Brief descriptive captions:

########################################

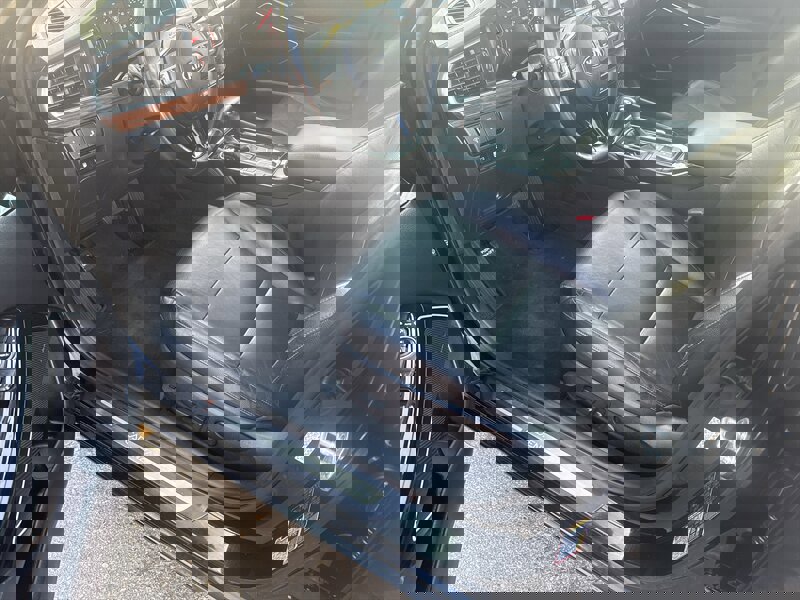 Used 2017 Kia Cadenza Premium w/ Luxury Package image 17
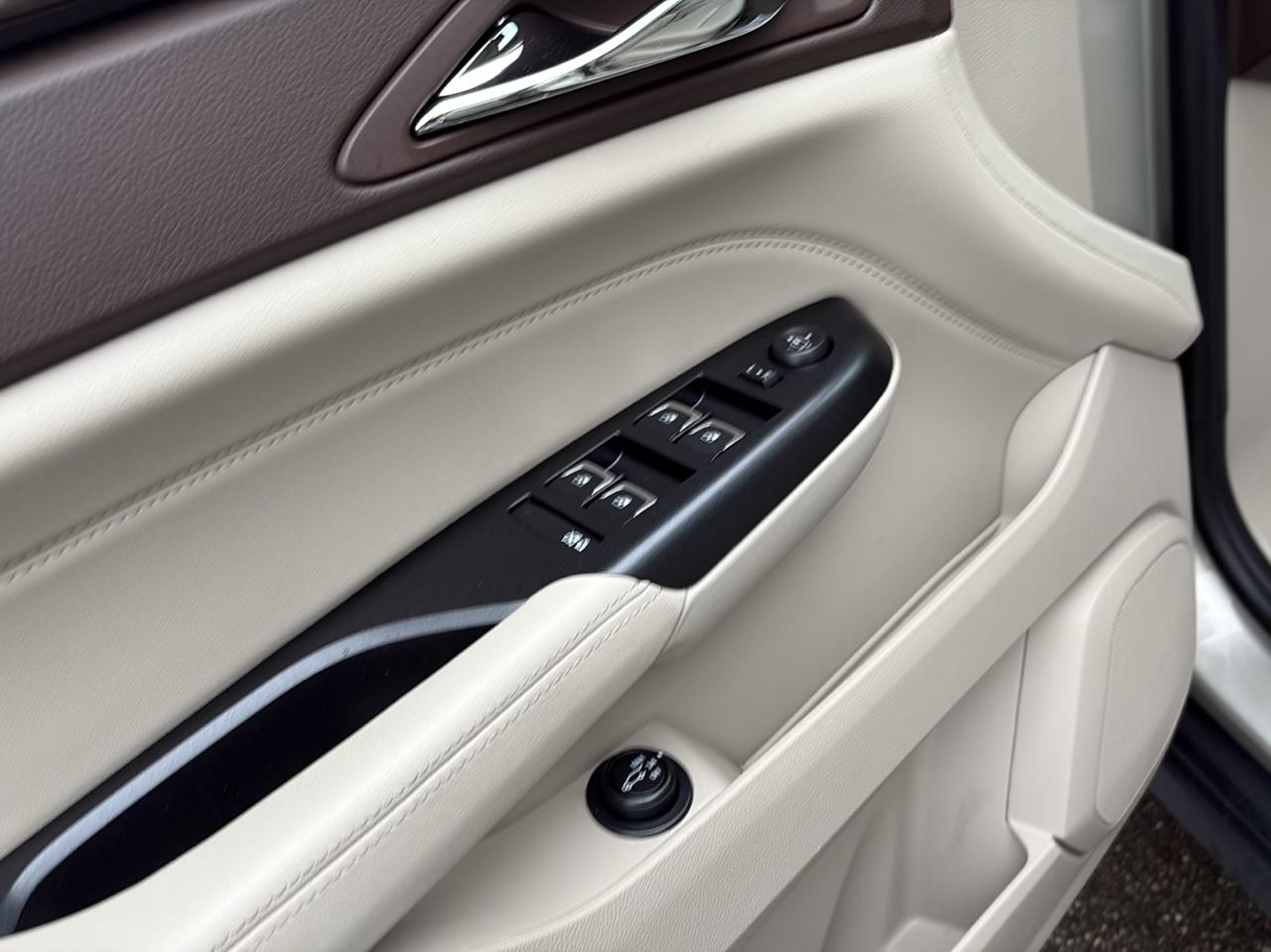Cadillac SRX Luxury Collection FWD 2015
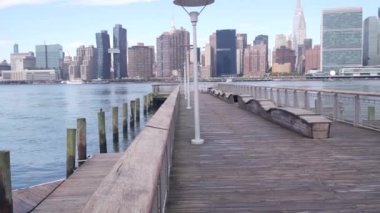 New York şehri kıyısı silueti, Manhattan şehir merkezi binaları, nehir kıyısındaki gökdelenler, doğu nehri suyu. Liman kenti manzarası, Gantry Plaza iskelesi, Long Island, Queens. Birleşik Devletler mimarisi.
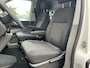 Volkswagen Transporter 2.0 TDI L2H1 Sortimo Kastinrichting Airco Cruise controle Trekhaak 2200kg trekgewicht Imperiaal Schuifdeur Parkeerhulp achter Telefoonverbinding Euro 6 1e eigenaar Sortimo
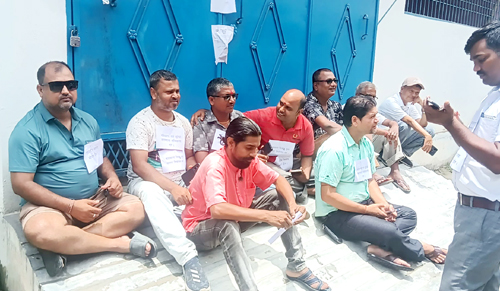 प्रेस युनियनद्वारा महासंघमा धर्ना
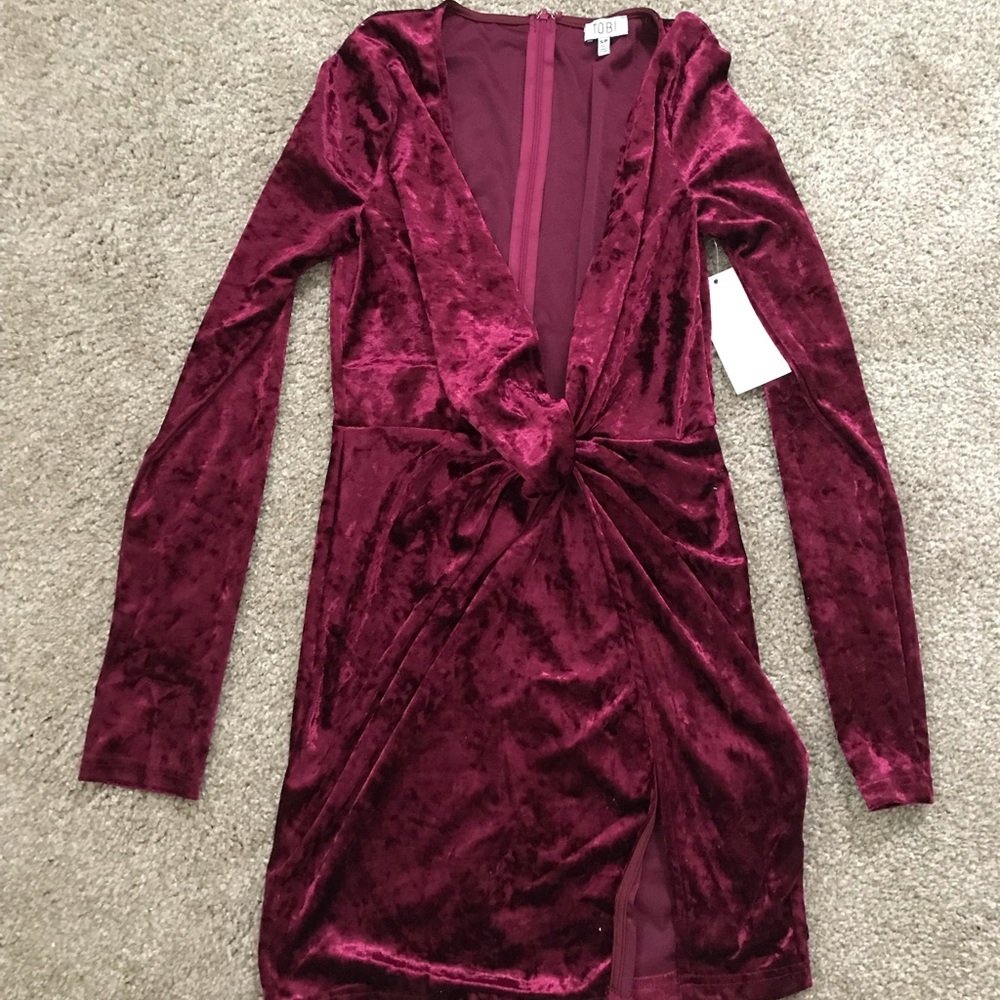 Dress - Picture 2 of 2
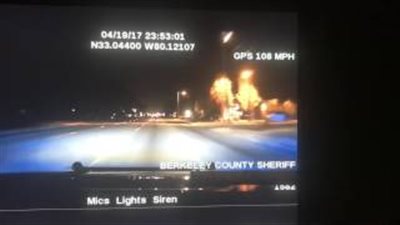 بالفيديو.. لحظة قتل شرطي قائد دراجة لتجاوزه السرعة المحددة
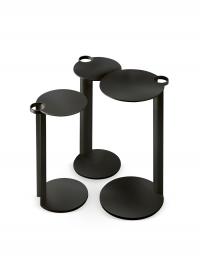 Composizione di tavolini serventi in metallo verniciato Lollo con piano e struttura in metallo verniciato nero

########################################

Assignment> Each line from the first line of the data above through the one containing "Dress - Picture 2 of 2" must be set down exactly; the pictures must not be.

Written solution>
 Used 2017 Kia Cadenza Premium w/ Luxury Package image 17
Cadillac SRX Luxury Collection FWD 2015
 New York şehri kıyısı silueti, Manhattan şehir merkezi binaları, nehir kıyısındaki gökdelenler, doğu nehri suyu. Liman kenti manzarası, Gantry Plaza iskelesi, Long Island, Queens. Birleşik Devletler mimarisi.
 Volkswagen Transporter 2.0 TDI L2H1 Sortimo Kastinrichting Airco Cruise controle Trekhaak 2200kg trekgewicht Imperiaal Schuifdeur Parkeerhulp achter Telefoonverbinding Euro 6 1e eigenaar Sortimo
 प्रेस युनियनद्वारा महासंघमा धर्ना
 Dress - Picture 2 of 2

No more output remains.